Test Primary Master Hardware Failure
This will require switching entirely to the shadow master. Depending on the state of the reverse port forward of the 8888 HTTP port from the cloud we may or may not have to try to terminate a hanging connection in order to be able to establish a new reverse port forward pointing from the cloud to the shadow master. The shadow master also then needs to use the cloud-based RabbitMQ instead of its local one.

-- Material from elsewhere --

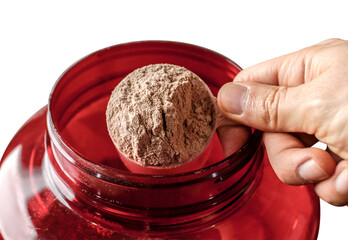 Had holding a scoop of whey protein.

As a fine-tuning, we can practice the rolling re-sync of all cloud replicas which will likely have missed operations in the meantime.
Test Primary Master Java VM Failure
This can be caused by a deadlock, VM crash, Full GC phase, massive performance degradation or other faulty behavior. We then need to actively close the reverse SSH port forward from the cloud to the production master's 8888 HTTP port, as a precaution switch the RabbitMQ tunnel from the cloud-based to the local RabbitMQ instance so that in case the production master "wakes up" again, e.g., after a Full GC, it does not start to interfere with the now active shadow master on the RabbitMQ fan-out exchange. On the shadow master we need to re-configure the SSH tunnels, particularly to target the cloud-based RabbitMQ and have the reverse port forward on port 8888 target the shadow master on site now.
Test Primary Mater Failures with no Internet Connection
Combine the above scenarios: a failing production master (hardware or VM-only) will require different tunnel re-configurations, especially regarding the then local security-service.sapsailing.com environment which may need to move to the shadow laptop.